• _TASK GOAL_: Copy exactly the line containing "Deluxe Villa, Mountain View | Interior" and all the lines that follow it to the end of the records, minus the pictures.
[Opening DATA UNDER STUDY section]
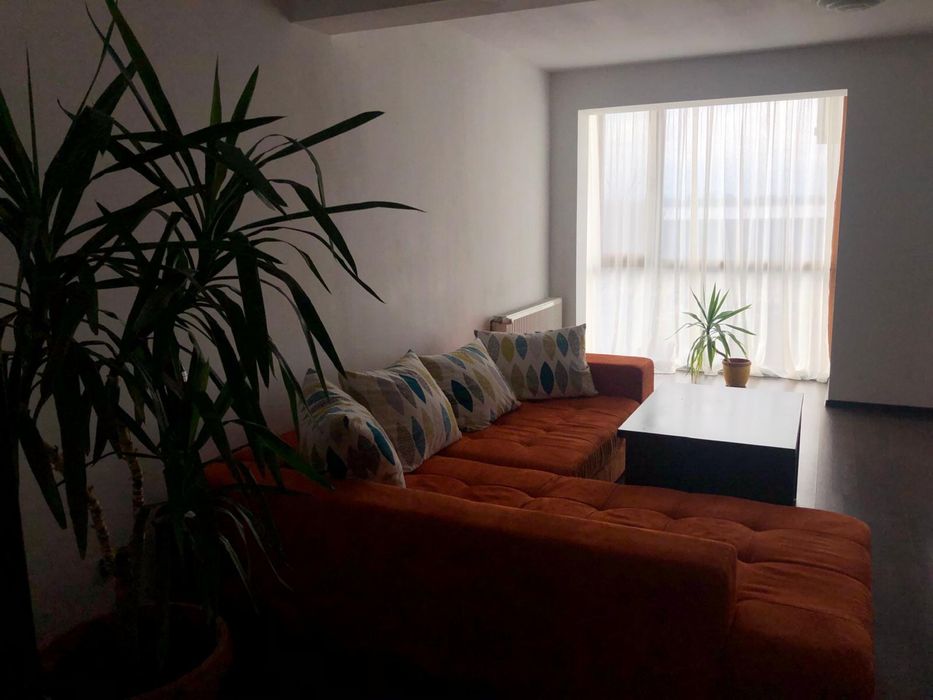 Inchiriere duplex luminos si spatios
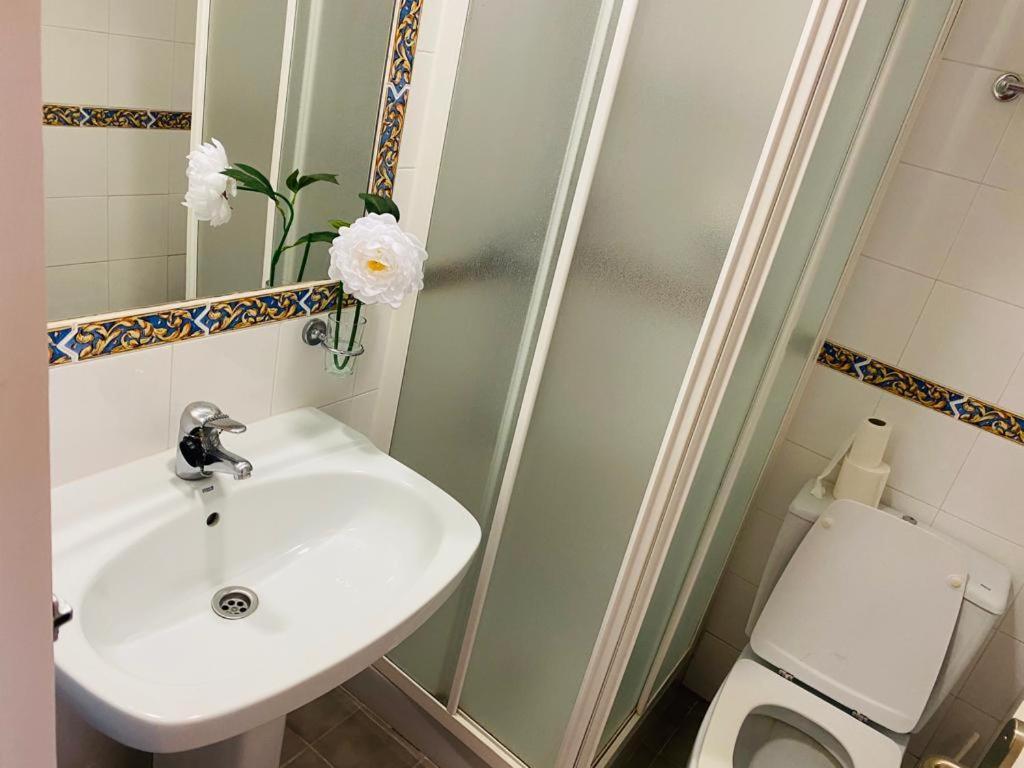 מיחאס Oasis Apartment מראה חיצוני תמונה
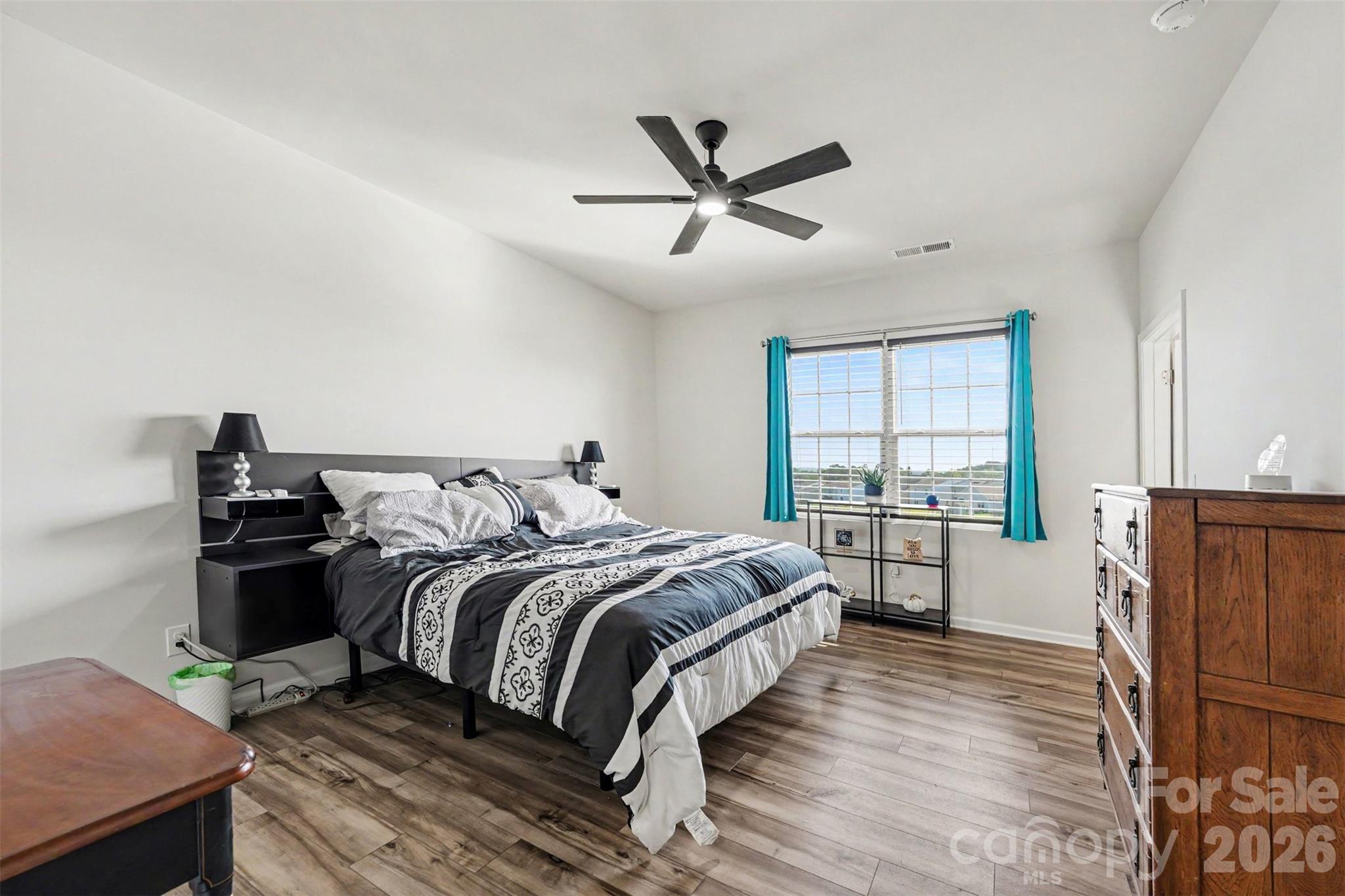 5192 Duck Lane — Catawba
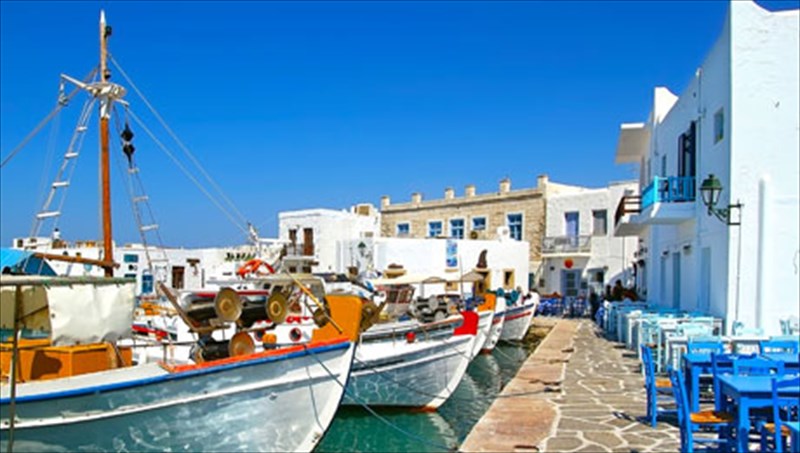 paros-ena-klasiko-kukladonisi-gia-ola-ta-gousta-kai-tis-apaitiseis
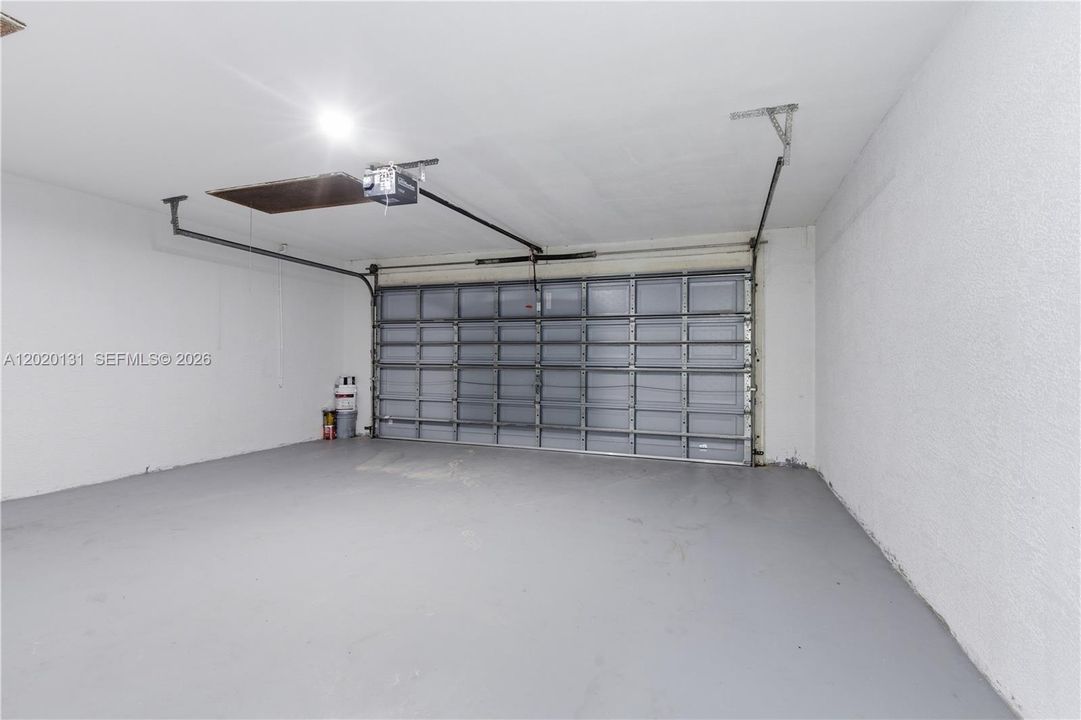 На продажу: $499,999 (3 спален, 2 ванн, 2012 Квадратных фут)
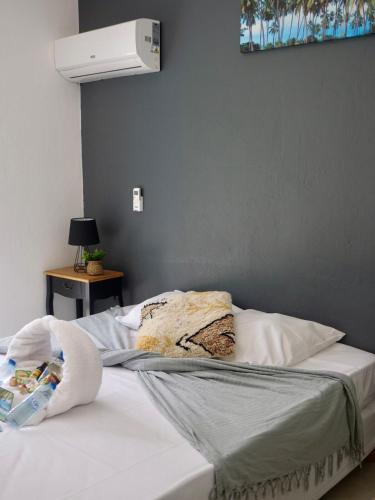 Le 115, sympathique studio proche plage privée - Location saisonnière - Grand-Bourg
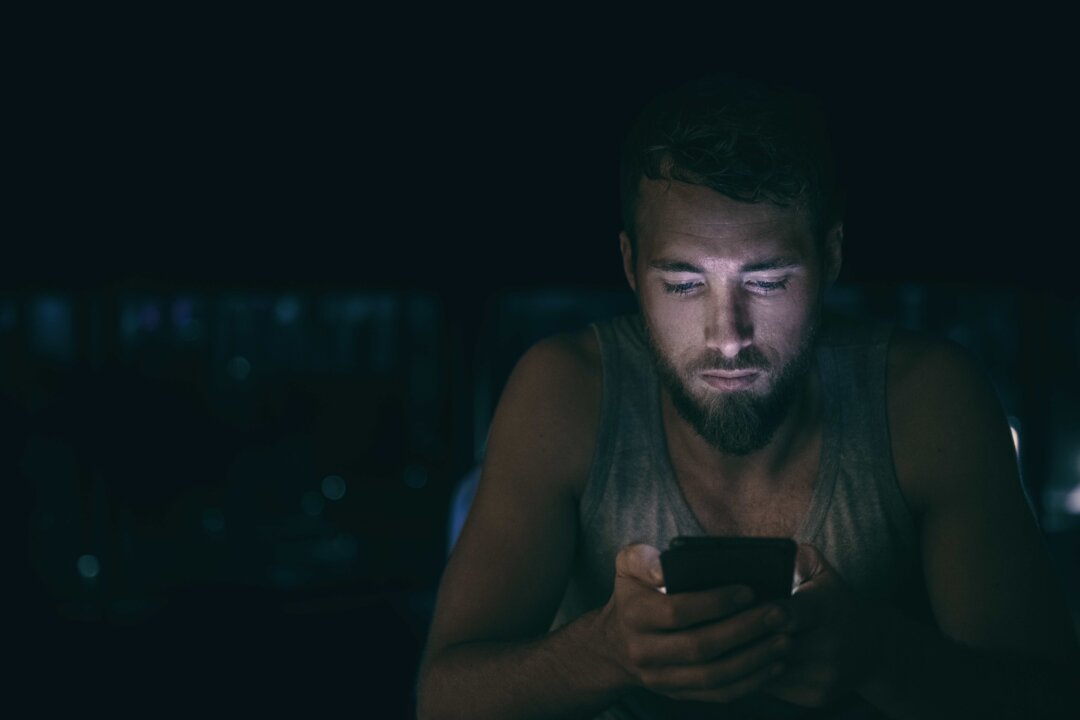 Looking at pornography can be a shameful secret many men wish they didn't have. (Maridav/Shutterstock)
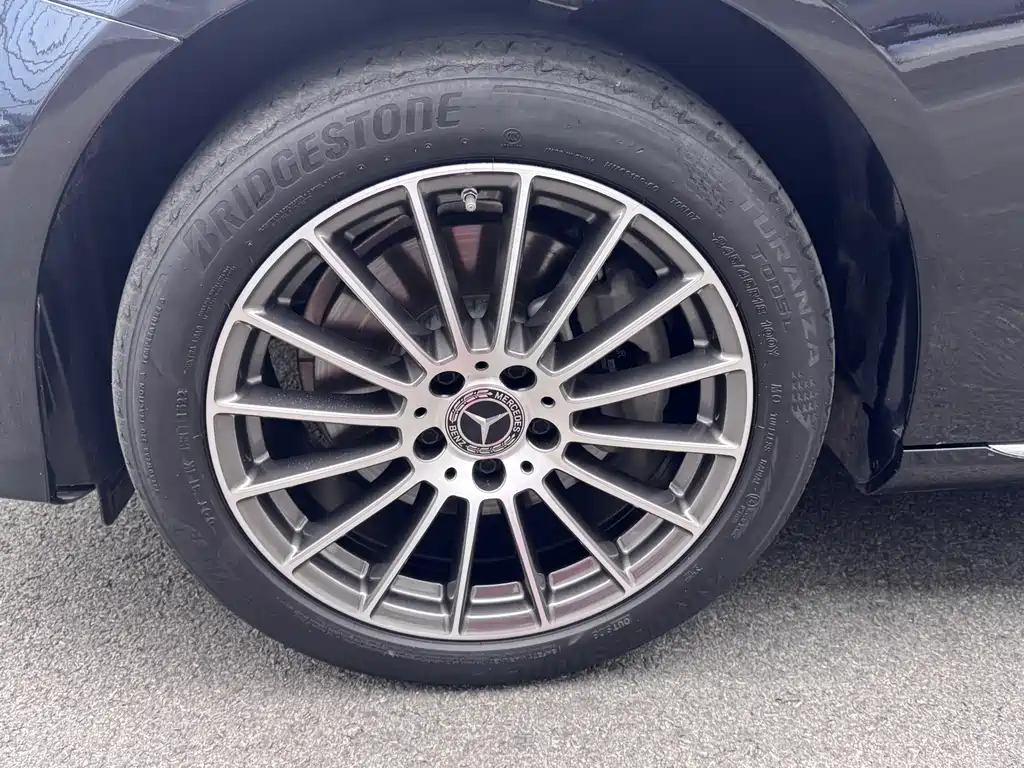 Mercedes-Benz E-Class 2022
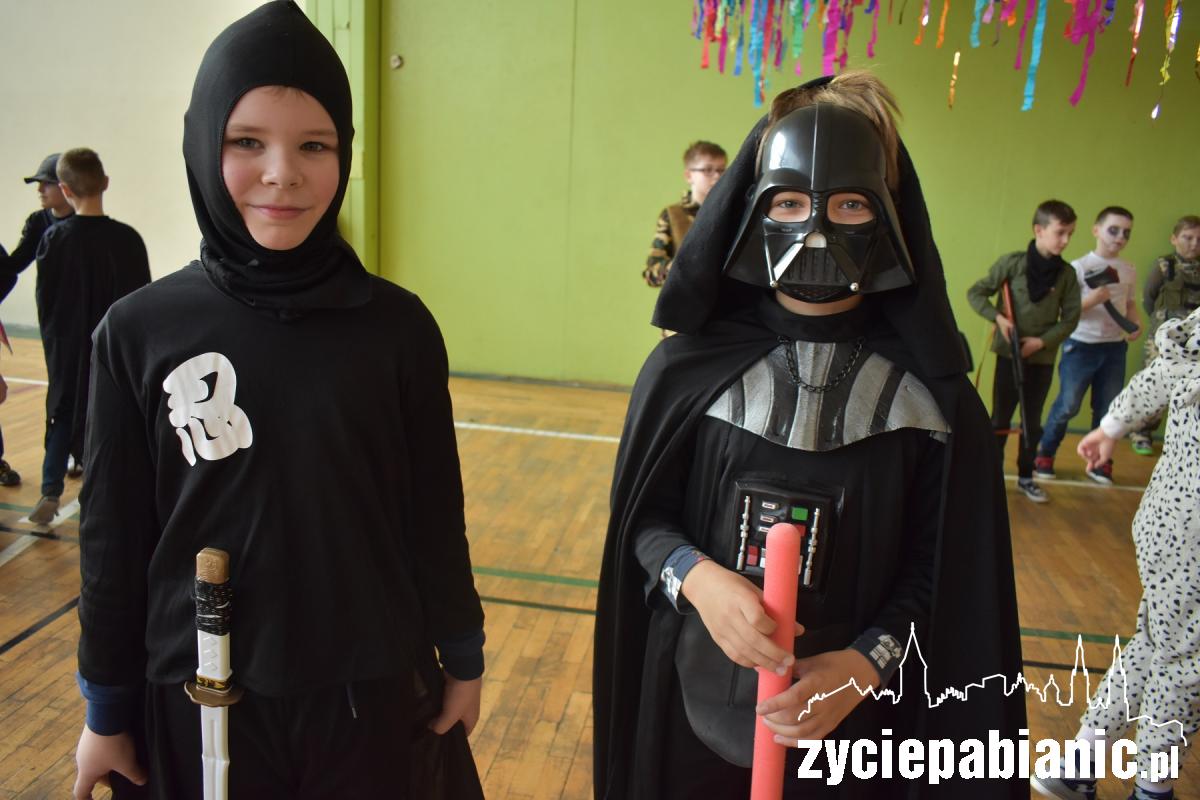 Tak się bawią dzieci na balu karnawałowym
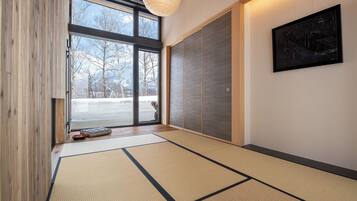 Deluxe Villa, Mountain View | Interior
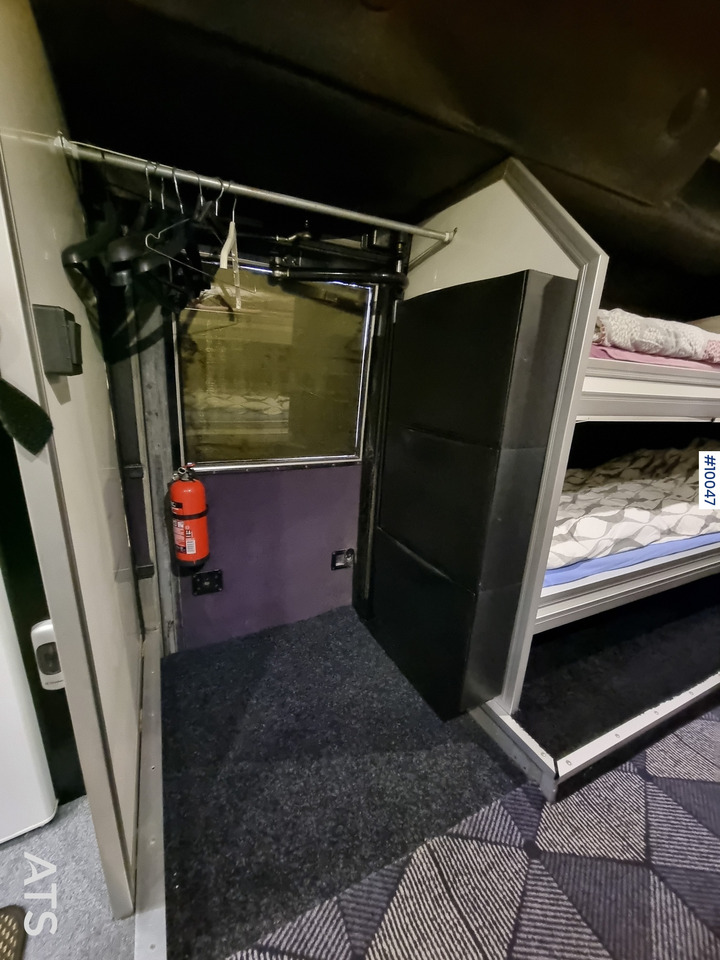 كرفان فان VOLVO B10M-70B Motorhome / Snowmobile bus with rear lift: صور 10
[Closing DATA UNDER STUDY section]
• _WRITTEN SOLUTION_:
 Deluxe Villa, Mountain View | Interior
 كرفان فان VOLVO B10M-70B Motorhome / Snowmobile bus with rear lift: صور 10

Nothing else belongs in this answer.